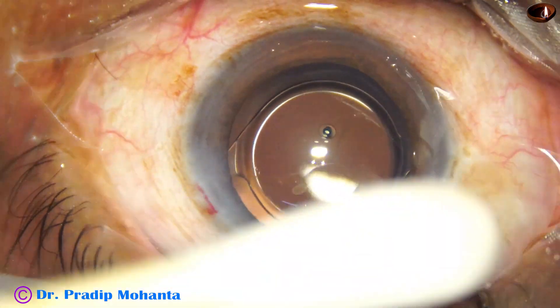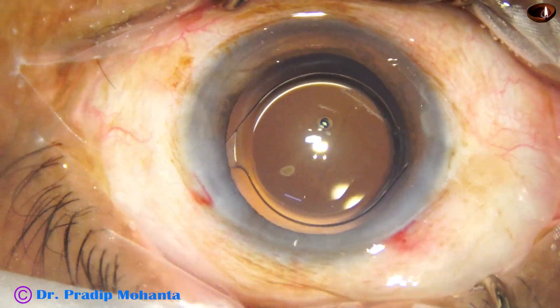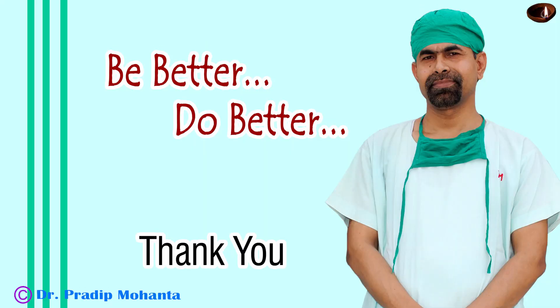A few drops of antibiotic are applied over the ocular surface and the case is concluded. Thank you very much for your attention. Hope this video will help you in developing your surgical skills. Be a great surgeon and serve your patients with love, respect, empathy, and great surgical competence.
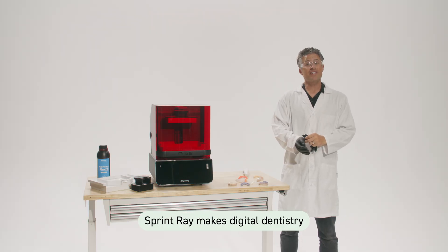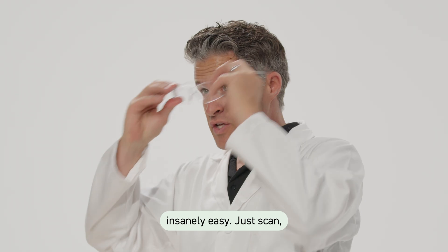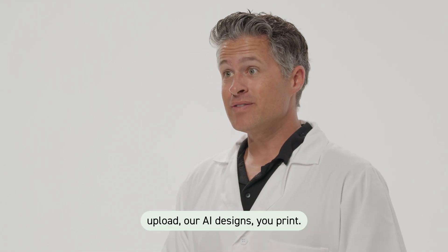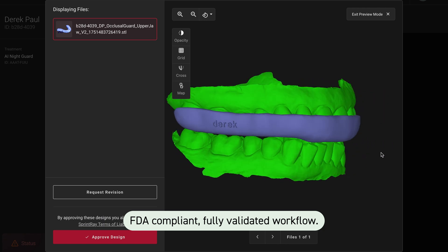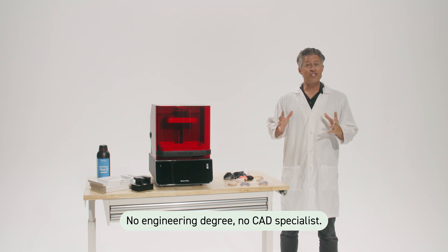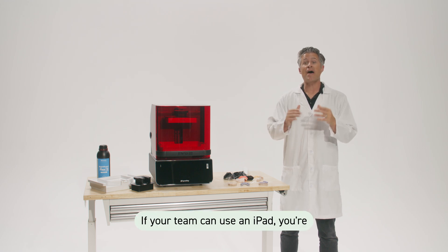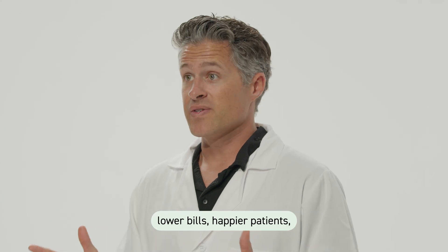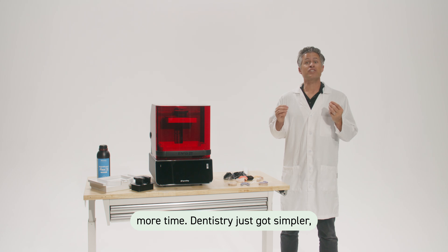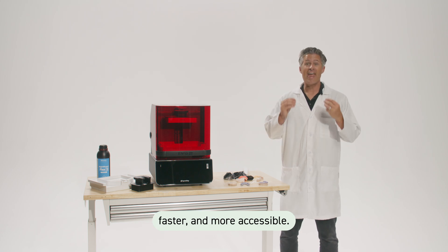SprintRay makes digital dentistry insanely easy. Just scan, upload, our AI designs, you print. FDA compliant, fully validated workflow — no engineering degree, no CAD specialist. If your team can use an iPad, you're good. Same-day care, lower bills, happier patients, more time. Dentistry just got simpler, faster, and more accessible.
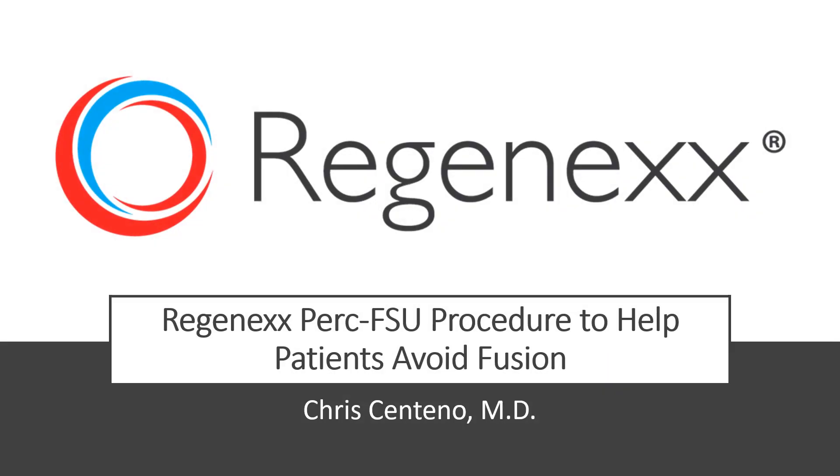Hi, it's Dr. Centeno, and I'd like to talk to you about the Regenexx PERC-FSU procedure to help patients avoid fusion.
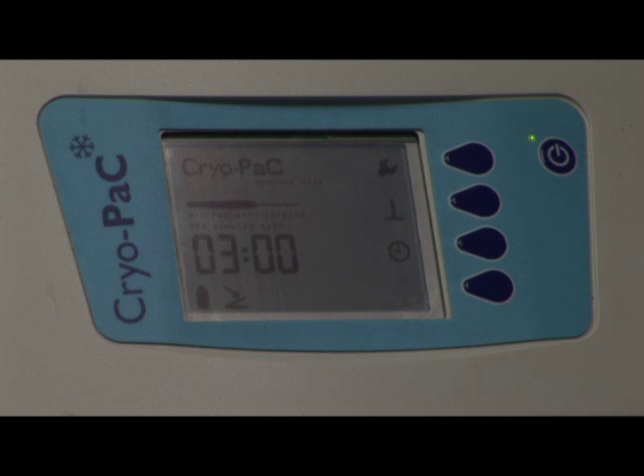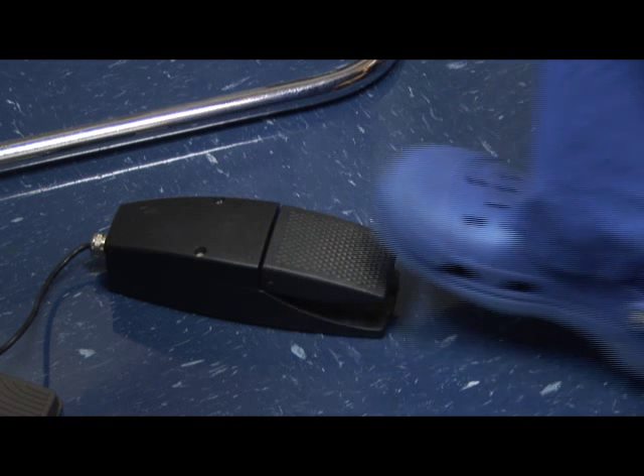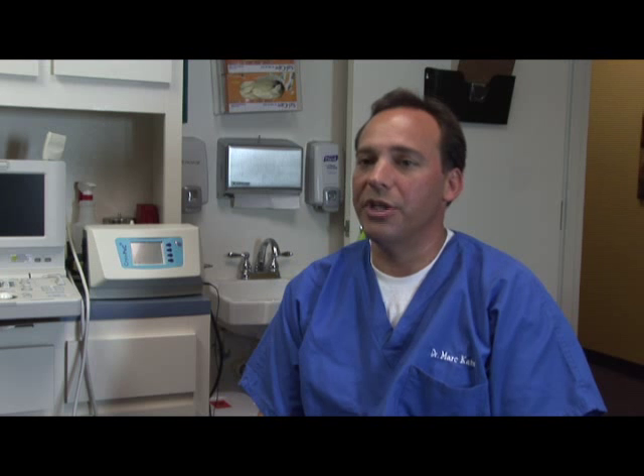We're going to do a three-minute freeze with the cryoprobe, and then we're going to discontinue using the probe by taking our foot off of the pedal, and we're going to do a 30-second thaw. The thaw is actually when you have nerve death, and the nerves have cells within them. They form ice crystals within the cells, and as it defrosts, you'll then have bursting of the cells and death of the nerve.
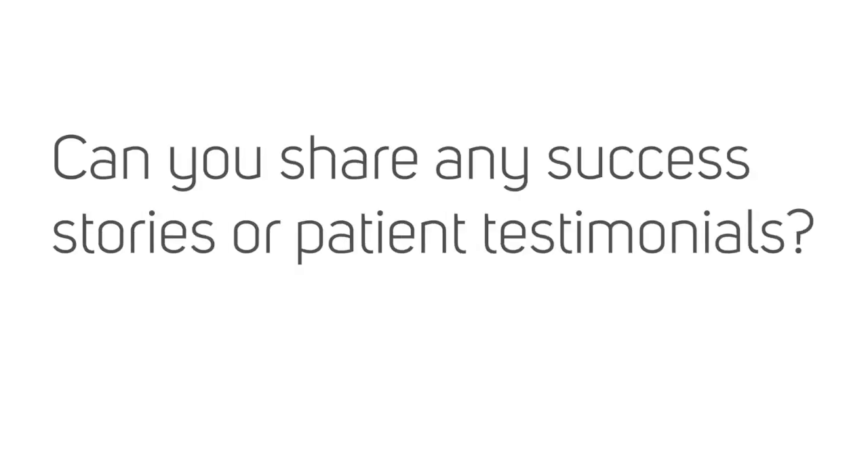A typical procedure in endoscopic spine surgery is removal of disc herniation. I'm able to remove all disc herniations from the lumbar spine with this technique. I'm very glad when I can help my patients and when we achieve very good pain relief in a very short time.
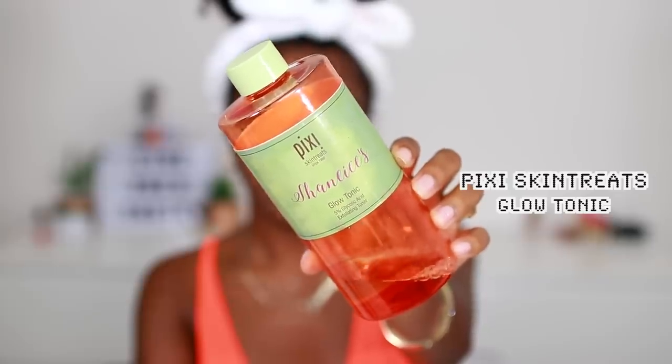For my toner, I'll be using Pixi Skin Treats — this is the Glow Tonic 5% Glycolic Acid Exfoliating Toner. When I tell you this stuff is the bomb — as you can see, I'm literally almost out of it, and this is a huge bottle. My fiance also uses it and he says every time he uses it he's glowing like crazy. So yeah, it's really, really bomb. I'm just going to use this as my toner and kind of go upwards. Because it has glycolic acid in it, it's going to give you a gentle exfoliation, which is going to take off all of the dead skin cells and just make your skin a lot brighter — and I don't mean whiter, I mean brighter. I'm also going to get my neck as well.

# # #

[Action item] Lines starting at the one with "A typical procedure" and ending at the last line of the entries above must be restated word for word, with pictures omitted.

[Problem solution]
A typical procedure in endoscopic spine surgery is removal of disc herniation. I'm able to remove all disc herniations from the lumbar spine with this technique. I'm very glad when I can help my patients and when we achieve very good pain relief in a very short time.
For my toner, I'll be using Pixi Skin Treats — this is the Glow Tonic 5% Glycolic Acid Exfoliating Toner. When I tell you this stuff is the bomb — as you can see, I'm literally almost out of it, and this is a huge bottle. My fiance also uses it and he says every time he uses it he's glowing like crazy. So yeah, it's really, really bomb. I'm just going to use this as my toner and kind of go upwards. Because it has glycolic acid in it, it's going to give you a gentle exfoliation, which is going to take off all of the dead skin cells and just make your skin a lot brighter — and I don't mean whiter, I mean brighter. I'm also going to get my neck as well.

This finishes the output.